◆ ABOUT THIS TASK
Repeat exactly the lines of the entries below from the one with "graph of Xuchang" through the one with "76.69 feet on a ruler", both ends included, and nothing else.

◆ SOURCE MATERIAL
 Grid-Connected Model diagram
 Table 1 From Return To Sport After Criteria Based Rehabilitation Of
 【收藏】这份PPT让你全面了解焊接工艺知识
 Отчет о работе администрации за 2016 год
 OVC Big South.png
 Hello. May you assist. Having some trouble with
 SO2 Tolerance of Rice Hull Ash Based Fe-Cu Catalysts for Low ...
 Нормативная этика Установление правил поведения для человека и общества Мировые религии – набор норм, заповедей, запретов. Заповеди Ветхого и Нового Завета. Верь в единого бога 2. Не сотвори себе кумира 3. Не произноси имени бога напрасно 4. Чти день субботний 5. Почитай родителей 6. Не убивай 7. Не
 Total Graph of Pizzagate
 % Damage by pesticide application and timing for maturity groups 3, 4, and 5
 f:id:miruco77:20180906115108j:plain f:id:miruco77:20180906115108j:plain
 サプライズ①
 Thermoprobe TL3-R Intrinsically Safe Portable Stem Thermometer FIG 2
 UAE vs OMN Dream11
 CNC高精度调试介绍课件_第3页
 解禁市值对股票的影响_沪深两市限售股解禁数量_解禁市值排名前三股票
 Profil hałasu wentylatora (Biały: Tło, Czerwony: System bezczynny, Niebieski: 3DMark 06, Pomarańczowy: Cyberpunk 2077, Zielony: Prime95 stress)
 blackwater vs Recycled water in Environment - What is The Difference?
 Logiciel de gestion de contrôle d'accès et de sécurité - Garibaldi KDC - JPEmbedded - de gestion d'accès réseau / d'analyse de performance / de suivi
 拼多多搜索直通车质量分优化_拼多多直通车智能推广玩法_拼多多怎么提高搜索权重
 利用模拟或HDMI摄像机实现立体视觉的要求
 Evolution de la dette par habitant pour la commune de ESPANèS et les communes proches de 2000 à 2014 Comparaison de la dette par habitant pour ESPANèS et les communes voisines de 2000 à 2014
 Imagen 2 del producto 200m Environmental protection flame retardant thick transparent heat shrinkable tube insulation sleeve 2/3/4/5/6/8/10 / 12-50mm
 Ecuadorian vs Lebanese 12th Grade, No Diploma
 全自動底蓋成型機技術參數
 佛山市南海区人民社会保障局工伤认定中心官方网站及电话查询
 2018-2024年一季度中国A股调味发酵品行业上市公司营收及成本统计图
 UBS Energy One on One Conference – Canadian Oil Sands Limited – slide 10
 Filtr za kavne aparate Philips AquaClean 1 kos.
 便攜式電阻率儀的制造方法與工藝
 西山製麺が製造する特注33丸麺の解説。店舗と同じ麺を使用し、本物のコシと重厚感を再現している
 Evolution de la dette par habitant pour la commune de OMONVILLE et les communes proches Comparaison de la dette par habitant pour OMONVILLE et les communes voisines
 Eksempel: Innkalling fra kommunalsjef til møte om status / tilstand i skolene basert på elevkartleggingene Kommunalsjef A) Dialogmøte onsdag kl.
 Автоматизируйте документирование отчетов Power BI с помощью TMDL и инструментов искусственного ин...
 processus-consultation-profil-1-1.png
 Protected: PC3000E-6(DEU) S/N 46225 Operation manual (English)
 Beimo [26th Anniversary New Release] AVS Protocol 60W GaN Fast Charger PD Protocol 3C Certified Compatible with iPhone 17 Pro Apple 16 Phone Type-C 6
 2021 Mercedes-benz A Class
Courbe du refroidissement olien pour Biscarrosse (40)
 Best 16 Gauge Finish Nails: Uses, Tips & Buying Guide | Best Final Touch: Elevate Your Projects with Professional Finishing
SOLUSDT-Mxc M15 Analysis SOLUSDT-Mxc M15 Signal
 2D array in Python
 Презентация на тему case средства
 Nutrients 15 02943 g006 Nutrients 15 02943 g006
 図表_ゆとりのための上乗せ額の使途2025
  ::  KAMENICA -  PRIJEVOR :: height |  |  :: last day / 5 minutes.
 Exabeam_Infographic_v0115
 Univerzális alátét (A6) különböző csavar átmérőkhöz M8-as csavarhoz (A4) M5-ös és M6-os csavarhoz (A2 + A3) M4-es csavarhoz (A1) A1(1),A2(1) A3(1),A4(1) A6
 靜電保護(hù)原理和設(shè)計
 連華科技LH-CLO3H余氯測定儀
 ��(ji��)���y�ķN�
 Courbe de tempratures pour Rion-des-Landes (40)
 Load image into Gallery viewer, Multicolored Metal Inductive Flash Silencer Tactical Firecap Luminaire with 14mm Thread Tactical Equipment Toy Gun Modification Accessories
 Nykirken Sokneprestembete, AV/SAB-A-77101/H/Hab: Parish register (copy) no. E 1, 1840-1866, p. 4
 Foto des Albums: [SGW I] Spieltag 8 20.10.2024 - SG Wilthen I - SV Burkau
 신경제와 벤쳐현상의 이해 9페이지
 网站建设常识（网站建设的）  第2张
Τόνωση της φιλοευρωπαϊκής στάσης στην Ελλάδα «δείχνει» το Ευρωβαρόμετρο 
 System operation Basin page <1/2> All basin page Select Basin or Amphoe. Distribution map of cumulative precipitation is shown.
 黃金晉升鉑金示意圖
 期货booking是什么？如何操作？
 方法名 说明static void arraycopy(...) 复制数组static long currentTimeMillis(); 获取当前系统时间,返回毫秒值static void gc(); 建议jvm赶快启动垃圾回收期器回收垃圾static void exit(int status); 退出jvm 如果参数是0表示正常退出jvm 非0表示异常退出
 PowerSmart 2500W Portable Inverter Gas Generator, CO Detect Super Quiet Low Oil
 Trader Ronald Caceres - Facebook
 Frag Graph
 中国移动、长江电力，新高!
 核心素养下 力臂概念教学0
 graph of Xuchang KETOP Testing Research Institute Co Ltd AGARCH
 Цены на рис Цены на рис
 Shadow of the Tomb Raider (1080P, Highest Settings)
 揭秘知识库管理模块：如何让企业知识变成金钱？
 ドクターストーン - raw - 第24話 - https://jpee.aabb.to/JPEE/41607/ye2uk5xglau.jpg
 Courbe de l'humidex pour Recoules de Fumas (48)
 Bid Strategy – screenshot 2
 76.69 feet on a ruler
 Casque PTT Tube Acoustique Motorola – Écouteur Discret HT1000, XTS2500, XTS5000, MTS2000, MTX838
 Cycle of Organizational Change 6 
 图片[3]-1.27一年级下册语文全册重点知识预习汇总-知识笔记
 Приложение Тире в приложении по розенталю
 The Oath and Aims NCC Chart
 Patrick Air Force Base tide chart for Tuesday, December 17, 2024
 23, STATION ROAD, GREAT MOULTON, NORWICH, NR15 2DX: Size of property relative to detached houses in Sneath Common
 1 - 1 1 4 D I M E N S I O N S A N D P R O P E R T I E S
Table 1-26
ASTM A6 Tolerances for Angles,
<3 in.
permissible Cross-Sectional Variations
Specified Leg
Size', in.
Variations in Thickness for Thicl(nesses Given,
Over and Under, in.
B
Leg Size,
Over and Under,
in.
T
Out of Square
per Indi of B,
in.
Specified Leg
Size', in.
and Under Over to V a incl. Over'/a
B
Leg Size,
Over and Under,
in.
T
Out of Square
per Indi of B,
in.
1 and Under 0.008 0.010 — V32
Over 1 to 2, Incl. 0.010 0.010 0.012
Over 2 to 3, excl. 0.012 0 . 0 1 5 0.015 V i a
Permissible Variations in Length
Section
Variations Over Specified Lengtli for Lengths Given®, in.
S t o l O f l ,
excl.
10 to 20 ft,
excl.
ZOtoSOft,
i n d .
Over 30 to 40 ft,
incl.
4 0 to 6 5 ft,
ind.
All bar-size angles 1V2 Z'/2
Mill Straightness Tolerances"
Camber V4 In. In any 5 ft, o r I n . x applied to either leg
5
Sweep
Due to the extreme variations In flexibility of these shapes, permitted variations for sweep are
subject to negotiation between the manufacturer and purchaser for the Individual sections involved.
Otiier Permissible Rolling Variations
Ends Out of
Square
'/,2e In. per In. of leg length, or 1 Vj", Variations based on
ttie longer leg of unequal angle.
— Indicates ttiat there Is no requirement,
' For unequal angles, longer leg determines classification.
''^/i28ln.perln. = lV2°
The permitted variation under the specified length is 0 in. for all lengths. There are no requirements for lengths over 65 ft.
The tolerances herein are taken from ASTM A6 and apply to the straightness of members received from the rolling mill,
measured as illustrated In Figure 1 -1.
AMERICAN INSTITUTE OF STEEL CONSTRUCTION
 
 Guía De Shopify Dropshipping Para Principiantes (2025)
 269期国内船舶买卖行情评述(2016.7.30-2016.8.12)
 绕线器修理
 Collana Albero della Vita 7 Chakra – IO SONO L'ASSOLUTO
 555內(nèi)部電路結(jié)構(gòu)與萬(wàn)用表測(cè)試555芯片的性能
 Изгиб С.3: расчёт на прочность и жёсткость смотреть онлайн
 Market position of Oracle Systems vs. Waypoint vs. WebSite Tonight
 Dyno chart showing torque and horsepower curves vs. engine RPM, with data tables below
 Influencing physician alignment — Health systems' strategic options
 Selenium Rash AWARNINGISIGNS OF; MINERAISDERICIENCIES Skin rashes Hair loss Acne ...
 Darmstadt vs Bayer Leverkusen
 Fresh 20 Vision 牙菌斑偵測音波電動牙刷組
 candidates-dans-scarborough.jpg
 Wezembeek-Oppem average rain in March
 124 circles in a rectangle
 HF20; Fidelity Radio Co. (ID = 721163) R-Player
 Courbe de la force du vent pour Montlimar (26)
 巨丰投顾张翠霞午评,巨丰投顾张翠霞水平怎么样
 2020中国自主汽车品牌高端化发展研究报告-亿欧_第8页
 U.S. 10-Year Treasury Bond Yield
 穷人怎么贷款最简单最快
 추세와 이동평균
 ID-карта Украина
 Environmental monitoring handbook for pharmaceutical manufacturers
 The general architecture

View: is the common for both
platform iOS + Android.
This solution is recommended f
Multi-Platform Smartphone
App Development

◆ SOLUTION FOR THIS TASK
 graph of Xuchang KETOP Testing Research Institute Co Ltd AGARCH
 Цены на рис Цены на рис
 Shadow of the Tomb Raider (1080P, Highest Settings)
 揭秘知识库管理模块：如何让企业知识变成金钱？
 ドクターストーン - raw - 第24話 - https://jpee.aabb.to/JPEE/41607/ye2uk5xglau.jpg
 Courbe de l'humidex pour Recoules de Fumas (48)
 Bid Strategy – screenshot 2
 76.69 feet on a ruler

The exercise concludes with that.